Su ropa húmeda e impregnada por el sudor del caballo, comenzaba a secarse sobre su cuerpo.
—Aunque yo no te quiera como nuera, nada puedo hacer —sonrió burlona la mujer—. Esteban es quien manda aquí.
—¡No quiero esposo, no quiero esposo! —lloró, con la cara enterrada en su pecho—. ¡Por favor, pídale que me regrese!
—¡Cállate, chiquilla insolente, cualquiera querría estar en tu lugar! ¿Quién te crees que eres, para despreciarlo? —vociferó la mujer.
—Dígale que nadie lo escuchó. Nadie se enterará si me regresa a la ruca antes del amanecer —sollozó, arrodillada a los pies de la futura suegra—. Mañana iba a decírselo a mi padre.
—¿Ibas a decirle qué? —preguntó Blanca, con malicia. ¿Cómo su hijo no le había consultado sobre un asunto tan delicado?
—Que no quiero ser entregada en matrimonio…
Sentada con sus rodillas abrazadas, sobre una mullida piel de cordero, Saqui sollozaba con desaliento.
En ese momento, entró Esteban. Su rostro moreno brillaba de sudor.
—Tráigame la chicha, que vamos a celebrar —ordenó a una de sus hermanas, quien se puso de pie como un resorte. Sus compinches entraron tras él, comentando la proeza de la noche.
—¡Maldito! —gritó furiosa, lanzándose sobre él—. ¡No quiero nada contigo!
—Mañana hablaré con tu padre y arreglaremos este asunto —reaccionó Esteban, esquivando su mirada—. ¿No vio que la joven tiene frío? ¿Quiere que enferme? —increpó a su madre—: ¡Mande a que las niñas le preparen un caldo caliente!
—¡Ni pienses en escapar! Deshonrarías a tu padre y su furia llegaría hasta el mismo Minche Mapu —agregó, mirando con dureza a Saqui.
—¿Por qué no la regresas? —insinuó Blanca. Había llevado a su hijo fuera de la ruca—. Yo buscaré una mujer buena y dócil para ti. Esta es una machi, y ni siquiera es agraciada. No entiendo, ¿qué le ves?

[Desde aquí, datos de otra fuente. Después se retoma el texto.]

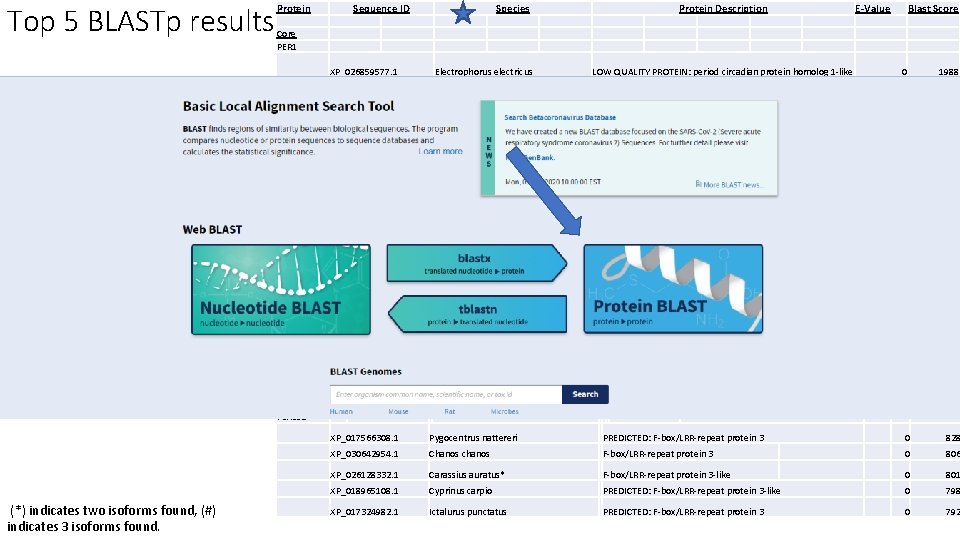 Top 5 BLASTp results Protein The same species occurring • Warm, freshwater fish •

—¡Ella se queda! —afirmó Esteban, sin mirarla. Ajena a la conversación exterior, la muchacha lloraba por su nuevo e inesperado destino, maquinando en su mente alguna solución. Sabía que escapar no era precisamente una de ellas. También entendía que su opinión o deseos personales no eran válidos en esta ocasión. Desde ahora, Blanca sería su madre; y aquellas, sus hermanas. Y aquel desconocido, su dueño y padre de sus hijos.
¿Qué ocurriría con el aislamiento obligatorio impuesto a toda aprendiz de machi? ¿Le permitirían regresar a la ruca que, con tanto sacrificio, sus padres habían construido para ella? “Orfelina y la machi Juana son mujeres fuertes e independientes. Ganan su propio dinero y no reciben órdenes de nadie”, pensó, intentando darse ánimos. Tal vez, ser machi podría darle ciertos privilegios, que harían su vida menos odiosa.
Mientras bebía un robusto caldo de charqui, que poco a poco lograba entibiar su cuerpo y serenar su espíritu, la futura machi comenzó a observar a Esteban con detenimiento. Con la libertad de quien ya lo ha perdido todo, recorrió el cuerpo del joven con mirada desafiante.
—¡Baja la vista, insolente! —chilló la madre, histérica. Aquella altanera solo traería desgracias a su hijo, pensó para sus adentros.